"Basically, everybody knows that Isaac has a short fuse," said Sutton, Richard's lawyer. "And Rick lights it."
Sutton maintains that Richard offends a tradition of gentility in Pasadena politics. By censuring him--and depriving him of some of the privileges of being a council member, such as access to free tickets to the Rose Bowl--his fellow council members are violating his freedom of speech, the lawyer contends.
"They're trying to enforce a Pasadena standard of civility," Sutton said. "But you can't have government enforcing civility or politeness in political debate.
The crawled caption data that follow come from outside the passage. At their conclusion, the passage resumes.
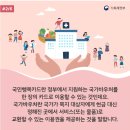 행복약국 이미지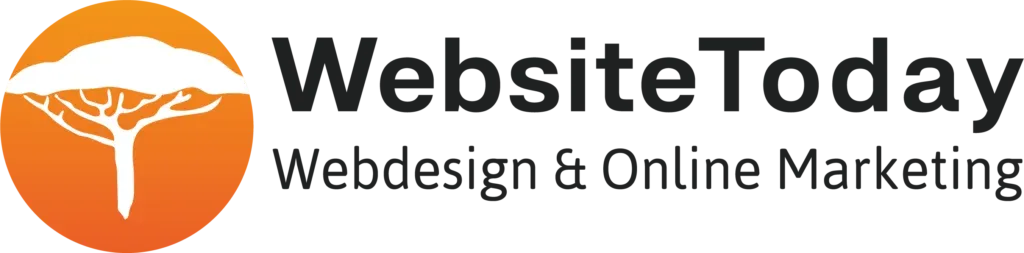 WT Kleur logo - Dalto/Klaverblad Verzekeringen - Korfbal - Driebergen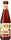 Silly - Kriek - 4,8% alc.vol. 0,25l - Kriek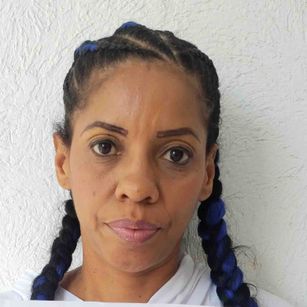 Model - NoemyFreman love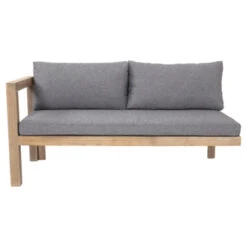 Loungeset Frejus -Tuingereedschap Verkoop 123 1768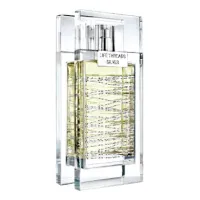 La Prairie Life Threads Silver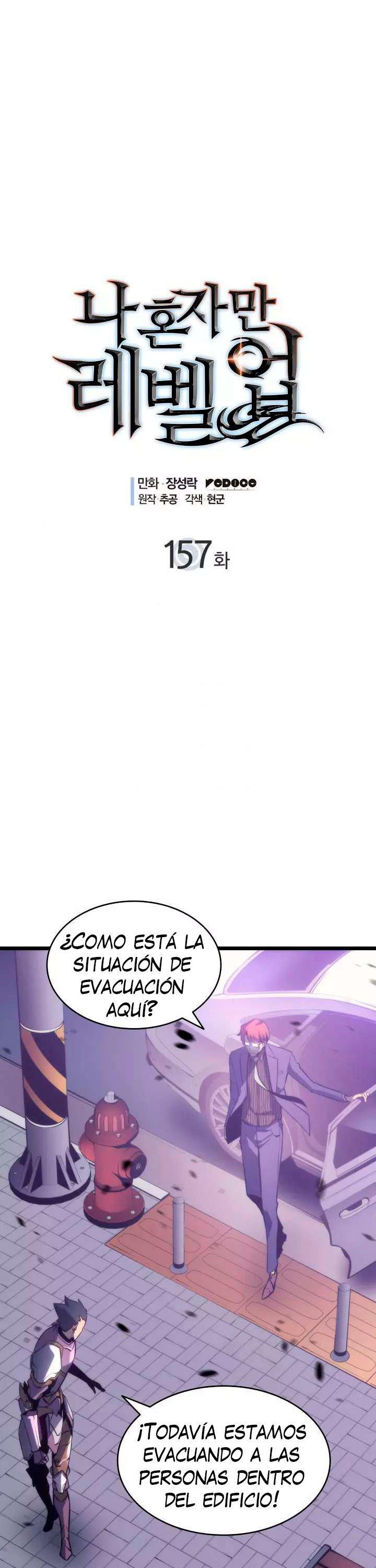 Capitulo 157 page 2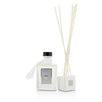 Zona Fragrance Diffuser - Fior Di Muschio (new Packaging) - 100ml/3.38oz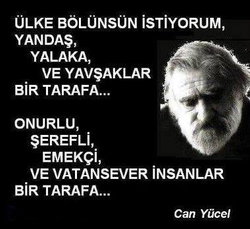 Emperyal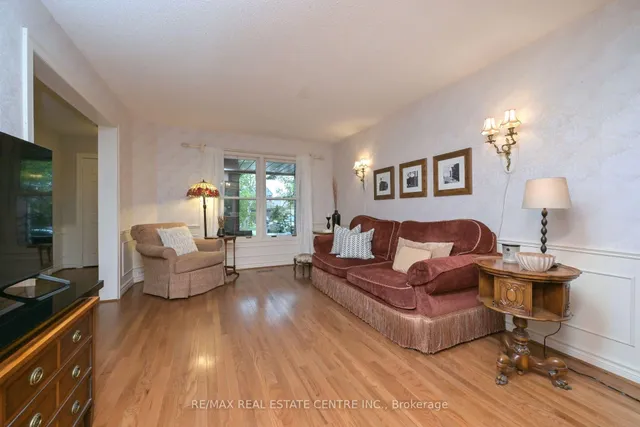 Additional image 31 of 22 Horton Cres
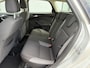 Ford Focus Wagon 1.0i EcoBoost Edition Plus 6-Bak 126 PK. Mooie en als nieuw rijdende auto !!! Distributieriem en waterpomp vervangen bij 239.000 KM in maart 2025 !!
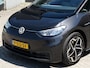 Volkswagen ID.3 77 kWh PRO S/ 360° CAMERA/ WARMTEPOMP/ ASSISTENTIE PACK /COMFORT PACK/ SOH 91%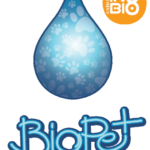 Biopet CU logo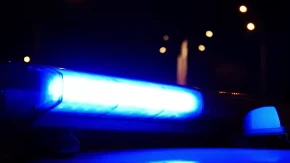 "Upucali su ga na metar od mene!" Naša pevačica prisustvovala jezivom događaju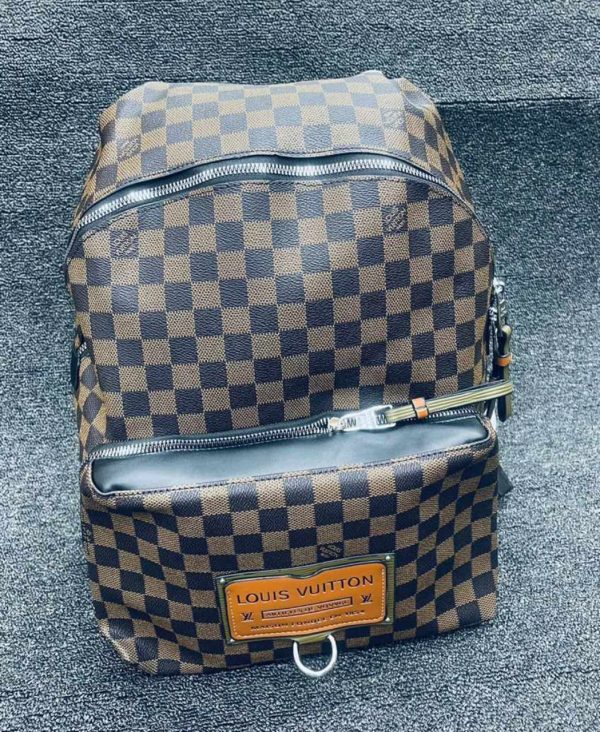 Original Backpacks for men and women Designer Backpacks for men and women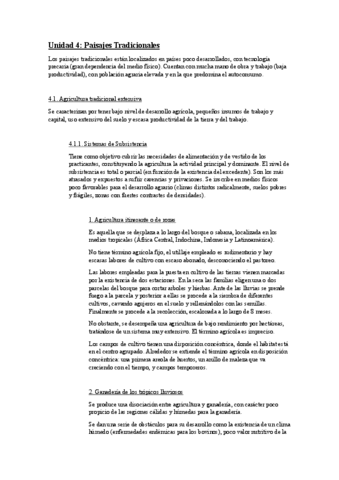 Unidad-4-Paisajes-Agrarios-Tradicionales.pdf
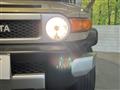 2014 Toyota FJ Cruiser
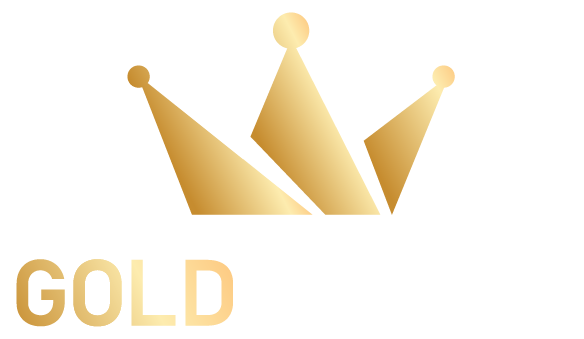 gold-kazinos.com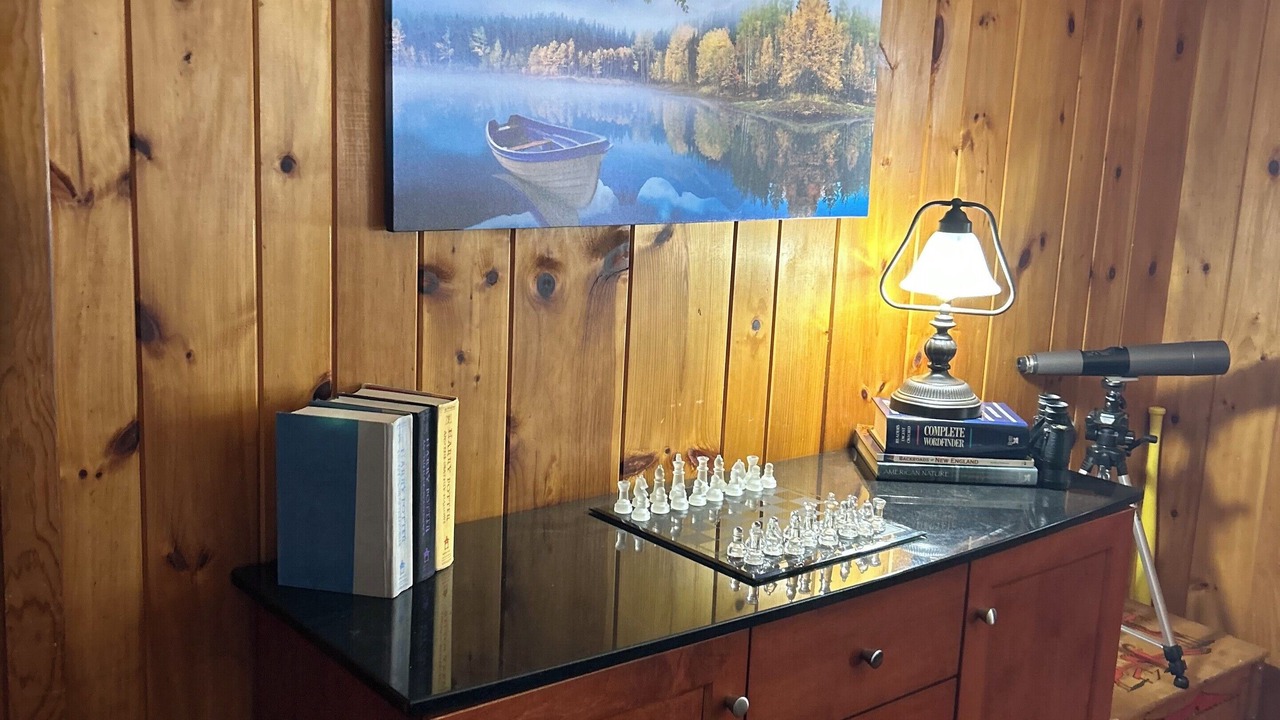 Photo of Others in Moultonborough
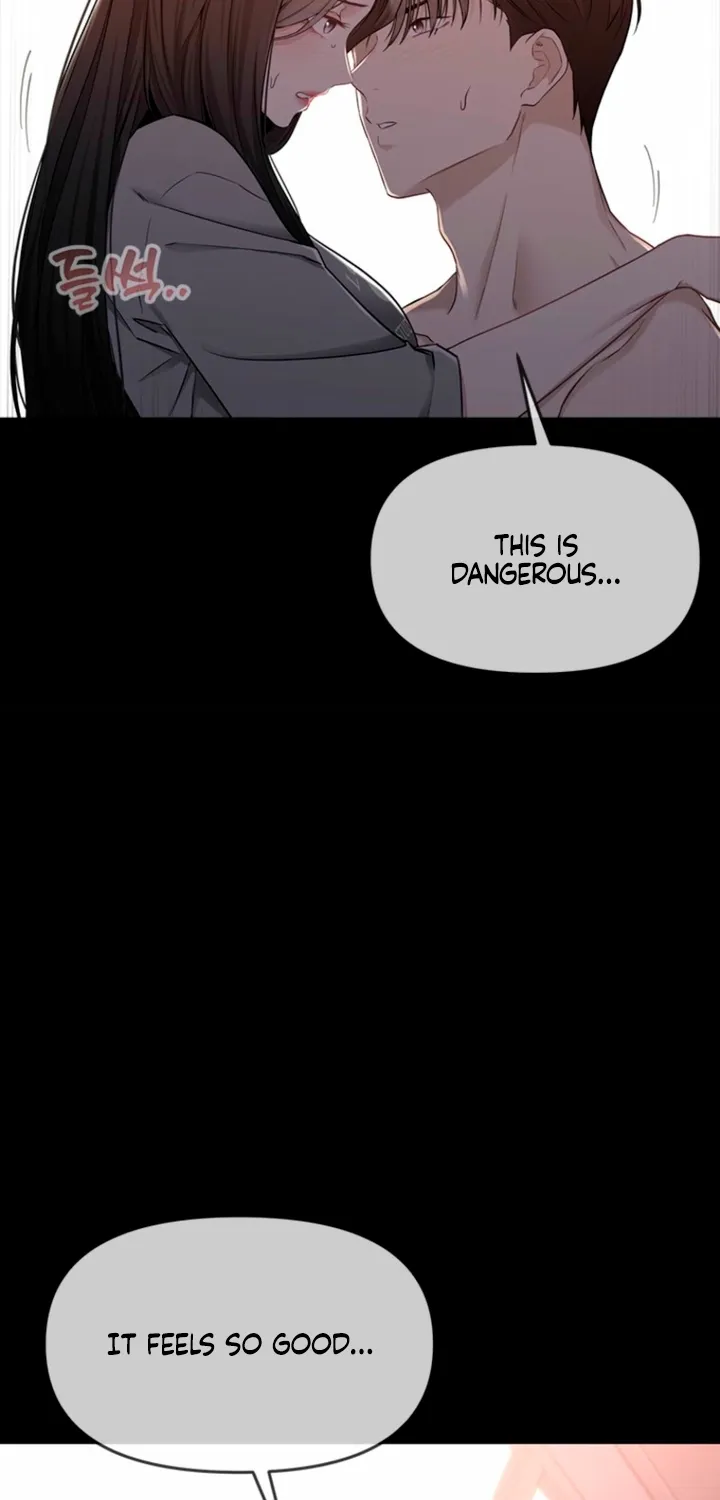Chapter 22 - Image 39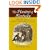 The Hunters of Kentucky: A Narrative History of America's First Far West, 1750-1792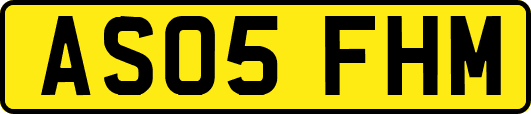 AS05FHM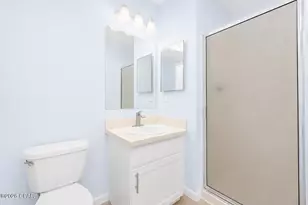 17751 Panama City Beach Pkwy, Panama City Beach, FL 32413 - Photo 13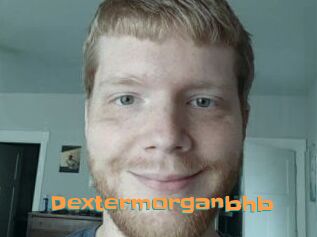 Dextermorganbhb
It's contrary to American traditions."
Sutton said he is preparing a legal paper alleging that the action of the council in depriving Richard of council perquisites is unconstitutional.
Despite all of the rancor, the council continues to plug away at city business, Crowfoot insisted.
After last Tuesday's blow-up, the council voted to create a new redevelopment area in east Pasadena, discussed the regulation of cable television, negotiated with business leaders on a proposal to raise electric power rates and, finally, approved a $25,000 reward for information on the killers of the three boys--but only after Richard, whose lone opposing vote had blocked an earlier attempt--stepped out of the chambers.
"I'm concerned that people get the impression that nothing goes on at the City Council but fighting and weirdness," Crowfoot said. "But our business does go on."